▶ [RECORDS]

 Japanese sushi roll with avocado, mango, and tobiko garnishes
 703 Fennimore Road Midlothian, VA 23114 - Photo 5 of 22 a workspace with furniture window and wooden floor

==

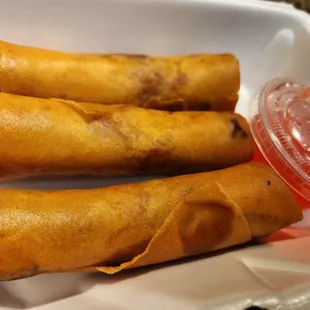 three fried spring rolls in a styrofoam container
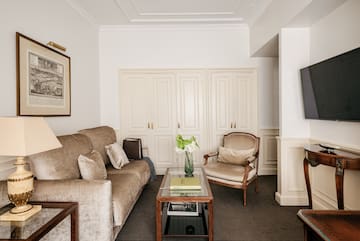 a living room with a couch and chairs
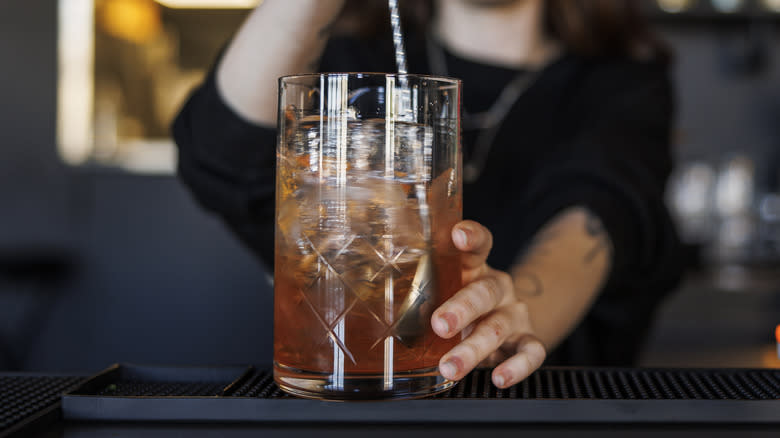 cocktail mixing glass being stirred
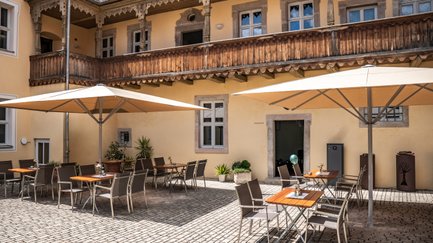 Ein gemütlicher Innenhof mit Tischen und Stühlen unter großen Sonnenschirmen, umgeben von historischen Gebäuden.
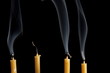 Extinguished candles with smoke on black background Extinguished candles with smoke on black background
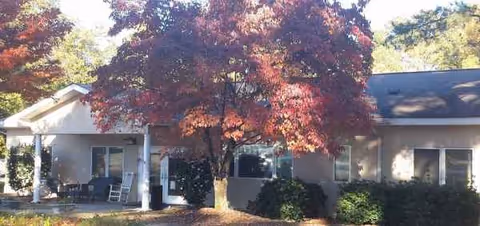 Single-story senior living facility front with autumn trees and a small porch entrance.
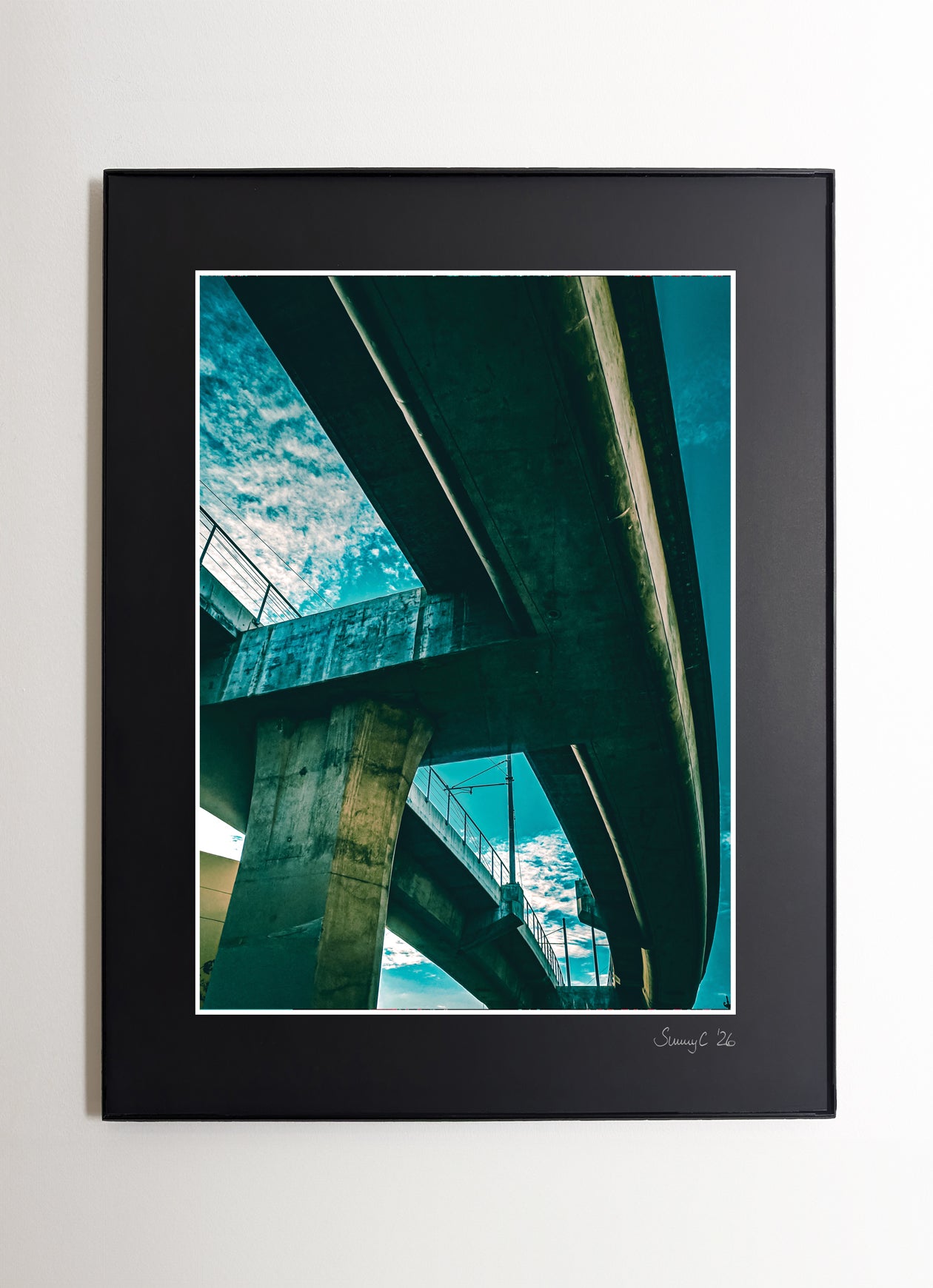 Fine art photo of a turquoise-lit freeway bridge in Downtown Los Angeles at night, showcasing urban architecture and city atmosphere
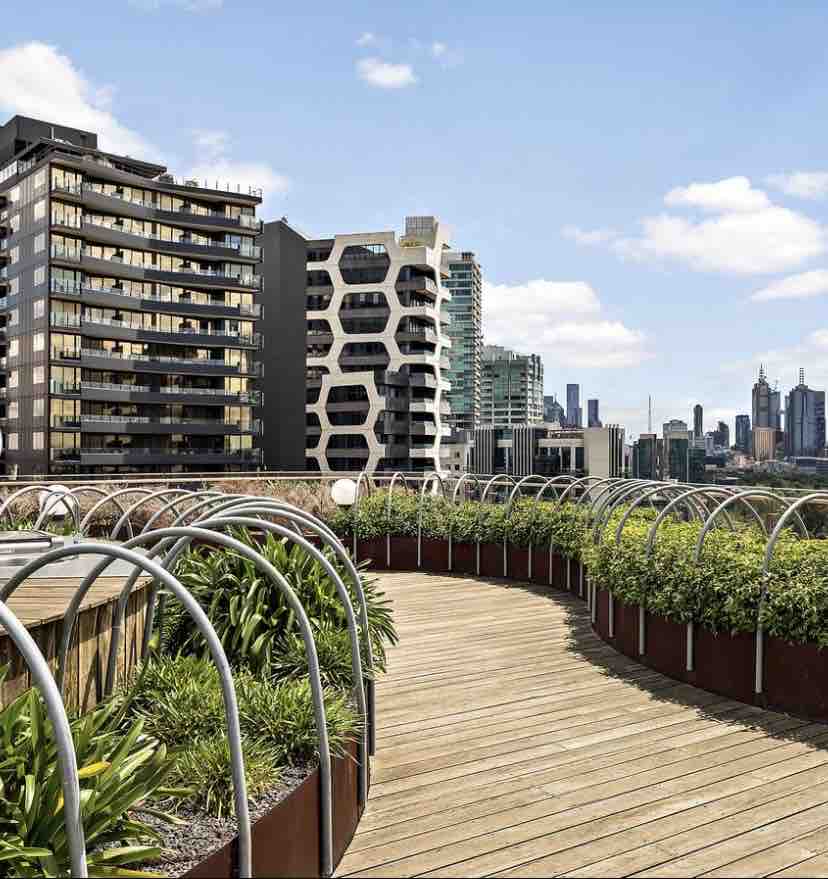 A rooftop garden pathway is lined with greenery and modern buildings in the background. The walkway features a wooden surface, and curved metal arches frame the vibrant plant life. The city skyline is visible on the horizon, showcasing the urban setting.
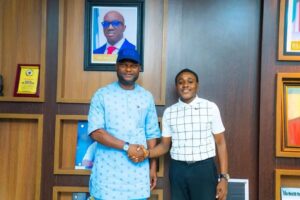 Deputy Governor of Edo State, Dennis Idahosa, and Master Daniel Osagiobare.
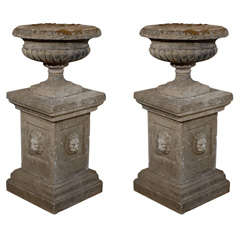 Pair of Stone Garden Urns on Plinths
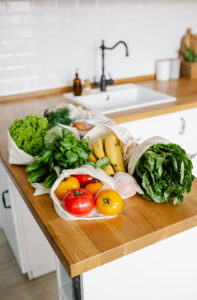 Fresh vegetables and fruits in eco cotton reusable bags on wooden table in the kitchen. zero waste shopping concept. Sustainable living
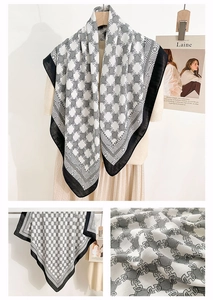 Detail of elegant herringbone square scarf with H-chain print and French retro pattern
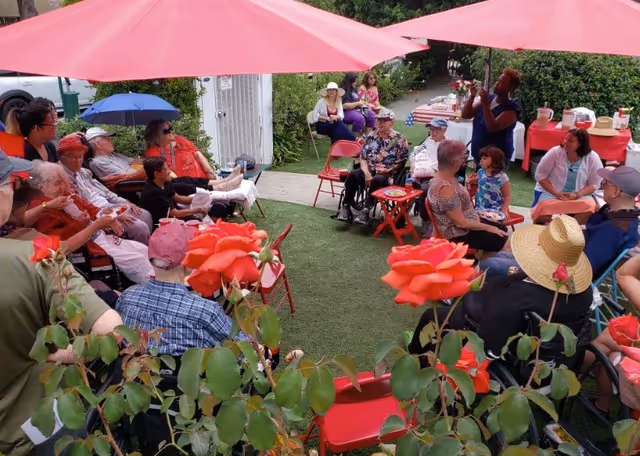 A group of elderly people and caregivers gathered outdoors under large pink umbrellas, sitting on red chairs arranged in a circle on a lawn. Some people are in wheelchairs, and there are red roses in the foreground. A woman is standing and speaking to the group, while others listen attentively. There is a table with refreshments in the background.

▶ [WHAT IS BEING ASKED] Take the entries above and return only the lines from the one with "Japanese sushi roll" to the one with "703 Fennimore Road", both included, unchanged.

▶ [WRITTEN RESPONSE]
 Japanese sushi roll with avocado, mango, and tobiko garnishes
 703 Fennimore Road Midlothian, VA 23114 - Photo 5 of 22 a workspace with furniture window and wooden floor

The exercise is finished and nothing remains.